The real victory in this situation would be a community wide acknowledgement of our own respective humanity, the acknowledgement that our aim should be validation and support. Regardless of whether or not you're male or female, regardless of your station in life, regardless of your own life experiences. Being able to validate Adria's reaction to the situation is not a mutually exclusive choice.

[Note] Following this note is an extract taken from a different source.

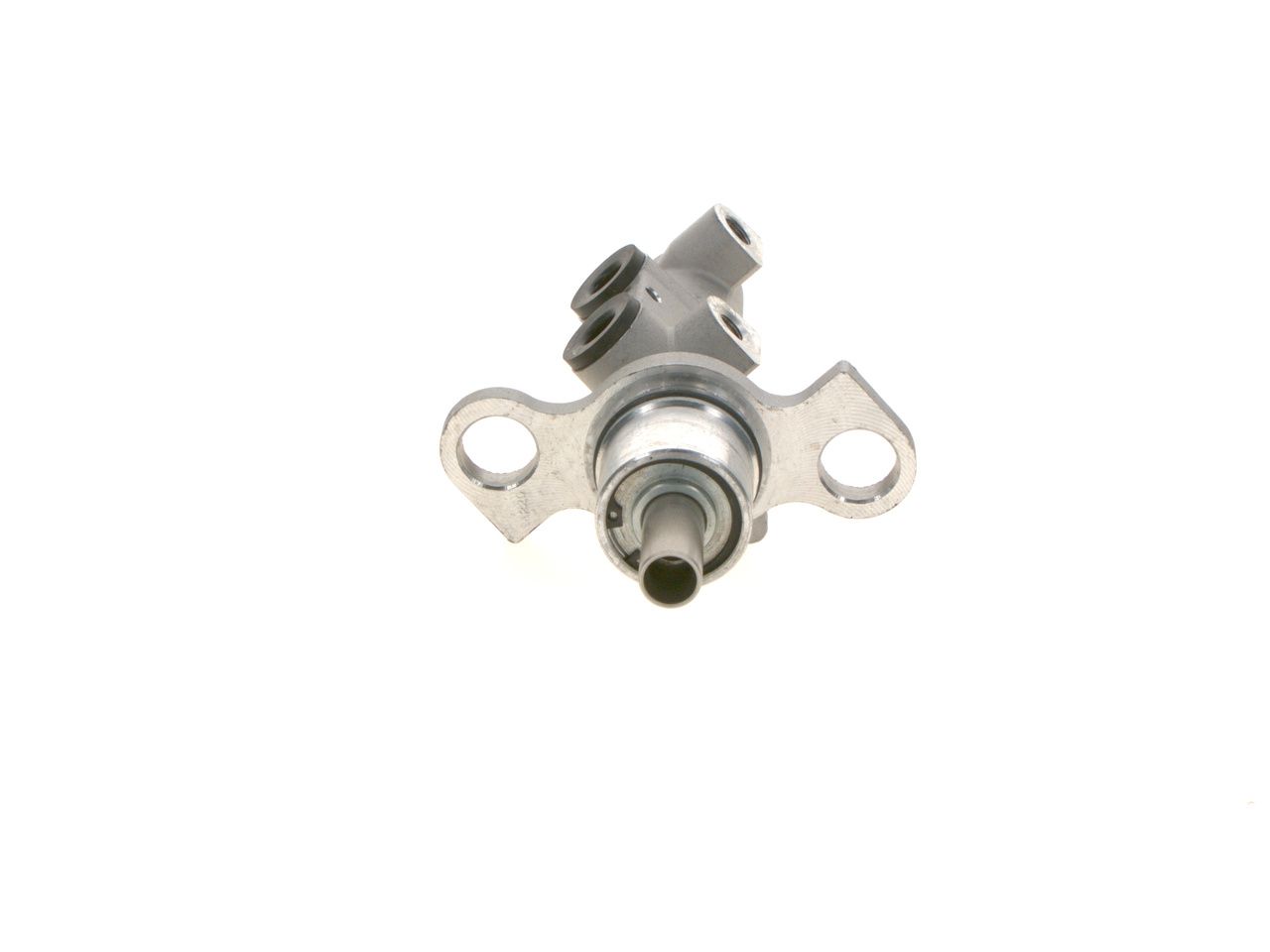 BOSCH 0 986 480 858 - Hauptbremszylinder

Your article is very thorough! Here is our legal analysis of Ms. Richards's termination by a Colorado employer. http://www.rmlawyers.com/blog/2013/03/sendgrids-unlawful-and-retaliatory-termination-of-adria-richards.shtml Another excellent legal analysis can be found here. http://www.theemployerhandbook.com/2013/03/blog-and-tweet-complaints-abou.html

I like the tone of your article and it flies in the face of many of the mainstream media articles which focus a bit more on a dude losing his job. We obviously don't know all the facts but I love your emphasis on context and highlighting some of the scary and downright offensive comments and reactions of some members of the developer community.

Writing my own response to this so will link you in on.

Thank you for standing up and writing something a lot more balanced than most of the vitriol out there.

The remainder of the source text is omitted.